TopBraid EDG Architecture with Wikidata as a Remote Data Source

TopBraid EDG Architecture with Wikidata as a Remote Data Source

The Wikidata Data Graph uses the Wikidata SPARQL endpoint to provide a virtual view on basically any data stored in Wikidata. While all asset collections use the local TDB database, the Wikidata asset collection uses its TDB only as a “cache” of sorts, which is only populated with the subset of Wikidata that is actually relevant. For example, once a user visits a Wikidata asset, TopBraid will

  1. Fetch the label and type(s) of that asset

  2. Based on the type information, load all properties that are defined for the classes

Whenever an asset is loaded, TopBraid remembers the time stamp alongside the other RDF triples. TopBraid uses that time stamp to determine whether an asset is already loaded or not.

Note

TopBraid’s remote asset support means that you can connect your own assets to data stored in external databases without having to copy the whole external database into TopBraid’s local database. TopBraid will only ever “see” the parts that are relevant to the local use case.

The following figure illustrates how this works:

Diagram showing that TopBraid only stores a subset of the remote data

TopBraid's remote storage mechanism uses SHACL shapes to determine which subset of values to load into the cache

The class and shape definitions are already used by TopBraid’s Form, Search and Asset Hierarchy panels, where they act like filters or views on the underlying data. The remote data support relies on exactly the same classes and shapes. So for example, when you browse to a country in Wikidata, it would only download exactly the properties defined for the Country class in the associated ontology, while the bulk of other properties remain on the remote server only. Likewise you can only query instances of classes that are known to be present on the remote server.

Complete Mode

By default, TopBraid will dynamically load assets from the remote SPARQL endpoint, when they are needed. However, starting with version 8.0, asset collections may also operate in complete mode, in which all data is assumed to be present both in the local TopBraid database and the remote endpoint. The benefit is that no dynamic loading of triples is needed, yielding much better performance. Basically such asset collections operate as normal, with the full set of features, only that the changes to the production copies will also be written to the remote database.

Warning

Complete mode is only suitable for asset collections that fit into the usual size constraints of the TopBraid database, i.e. typically up to tens of millions of triples but not necessarily more. Complete mode also assumes that all edits to the remote database happen through TopBraid.

Note

Complete mode is automatically activated when the asset collection is an Ontology. This is because Ontologies contain class and property definitions that drives the behaviour of the system, and this information must be available at all time.

Configuring Remote Asset collections

Depending on your starting point, there are various ways to get started with remote asset collections.

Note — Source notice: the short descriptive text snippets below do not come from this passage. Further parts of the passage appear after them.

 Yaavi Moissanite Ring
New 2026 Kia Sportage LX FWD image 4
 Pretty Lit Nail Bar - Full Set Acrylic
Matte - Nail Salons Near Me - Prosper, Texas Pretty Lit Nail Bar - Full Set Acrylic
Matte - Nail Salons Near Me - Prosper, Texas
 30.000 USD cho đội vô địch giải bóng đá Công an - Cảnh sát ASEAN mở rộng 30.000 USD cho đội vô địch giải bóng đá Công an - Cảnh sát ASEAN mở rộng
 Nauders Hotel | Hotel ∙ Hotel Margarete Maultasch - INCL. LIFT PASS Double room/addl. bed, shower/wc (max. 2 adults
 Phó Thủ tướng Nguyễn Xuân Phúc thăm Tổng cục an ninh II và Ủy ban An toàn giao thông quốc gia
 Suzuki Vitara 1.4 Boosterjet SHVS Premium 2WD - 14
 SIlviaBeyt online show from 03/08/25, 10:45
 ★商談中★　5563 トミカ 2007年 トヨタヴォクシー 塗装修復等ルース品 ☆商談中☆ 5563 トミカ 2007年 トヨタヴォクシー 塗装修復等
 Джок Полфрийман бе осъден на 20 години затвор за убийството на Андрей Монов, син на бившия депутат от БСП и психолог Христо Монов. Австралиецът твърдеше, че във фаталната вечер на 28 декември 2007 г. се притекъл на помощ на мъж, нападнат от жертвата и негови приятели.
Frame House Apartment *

In all cases, TopBraid assumes that the remote SPARQL endpoint already exists. For example, for GraphDB you should set up a GraphDB repository using the GraphDB software, then use its link button to copy the URL of its SPARQL endpoint.

The Globally Configured Endpoint

A system administrator or power users can enter the connection details for a remote SPARQL endpoint on the product configuration administration page. They need to enter the endpoint’s URL and possibly user name and password. If the setting use endpoint for new collections is activated, any newly created asset collection will then automatically be linked to the specified endpoint. Each asset collection will become a named graph under that endpoint.

The remote endpoint is assumed to operate in complete mode, i.e. the triples on the local TopBraid database and the remote triples will always be kept in sync, so that edits made through TopBraid will be written to the database as well.

Hint

This is the easiest way to use TopBraid’s remote data support, but makes the assumption that all asset collections will be written to the same place. It can however also be combined with manually configured asset collections that may, for example, be read-only remote endpoints that are stored elsewhere. It is also possible to deactivate the complete mode setting at a later stage, when an asset collection becomes too large to be handled within TopBraid’s own database or you plan to make changes to your endpoint from outside of TopBraid.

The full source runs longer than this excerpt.